Ruben Parnell Brown (born February 13, 1972) is an American former professional football player who was a guard for 13 seasons in the National Football League (NFL). He played college football for the Pittsburgh Panthers. He was selected by the Buffalo Bills 14th overall in the 1995 NFL draft.

Brown played nine seasons for the Bills and four more for the Chicago Bears, starting all 181 games in which he played. He was a four-time All-Pro and nine-time Pro Bowl selection, including eight consecutive Pro Bowl selections with the Bills from 1996 to 2003. He is the older brother of former NFL linebacker Cornell Brown.

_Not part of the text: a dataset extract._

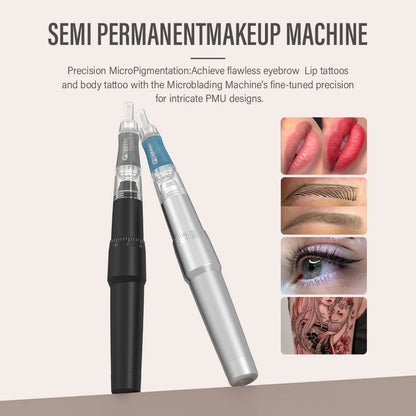 FAMISOO Tattoo Machnie Permanent Makeup Machines Makeup Tattoo Pen for Eyeliner Lip Eyebrow Permanent Makeup Tattoo Supplies
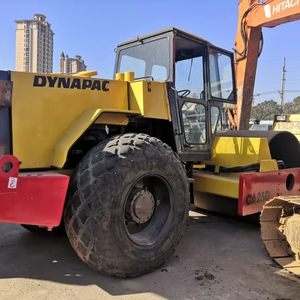 High Stability Performance Second-<b>hand</b> DYNAPAC CA25D <b>Drum</b> Vibratory Roller in good use on sale - Product Image 4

Brown attended E. C. Glass High School in Lynchburg, Virginia.

==Professional career==

Pre-draft measurables
| Height | Weight | Arm length | Hand span | 40-yard dash | 10-yard split | 20-yard split | 20-yard shuttle | Vertical jump | Broad jump | Bench press |
|---|---|---|---|---|---|---|---|---|---|---|
| 6 ft 3+1⁄8 in (1.91 m) | 304 lb (138 kg) | 34+1⁄2 in (0.88 m) | 9+1⁄4 in (0.23 m) | 5.48 s | 2.00 s | 3.20 s | 4.72 s | 27.0 in (0.69 m) | 8 ft 10 in (2.69 m) | 22 reps |

===Buffalo Bills===
Brown was the starting left guard for the Buffalo Bills, where he was named to eight consecutive AFC Pro Bowl teams from to . He was also a four-time 2nd-team All-Pro. Brown was a three-time nominee for the Walter Payton NFL Man of the Year Award during his tenure with Buffalo.

===Chicago Bears===
Brown signed with the Chicago Bears in 2004, but only started in nine games due to injuries. He had a revival in his career in the 2006 season after the Bears made Super Bowl XLI, and was named to the 2007 Pro Bowl. In 2007, Brown played in eight games before being placed on injured reserve by the Bears on November 8, 2007, due to an injured shoulder.

Brown became a free agent after the 2007 season. He expressed interest in returning to Chicago, commenting his three-year stint with the Bears rejuvenated his career. The Bears did not re-sign Brown.

===Retirement===
After spending the 2008 season out of football, Brown officially announced his retirement on February 2, 2009. When Brown retired, he was one of nine guards to be named to the Pro Bowl nine times in a career.

===Broadcasting career===
Brown currently co-hosts The Enforcers, a weekly television show in Buffalo, NY, with former Buffalo Sabres player Rob Ray. Brown is also a regular pundit on Canadian talkshow "Off the Record", which airs on TSN. He also served as an analyst for the syndication network broadcasting the Fall Experimental Football League.

Brown has co-hosted, along with Mike Catalana, Bills Tonight, the Bills' official weekly post game on MSG Western New York, since 2016.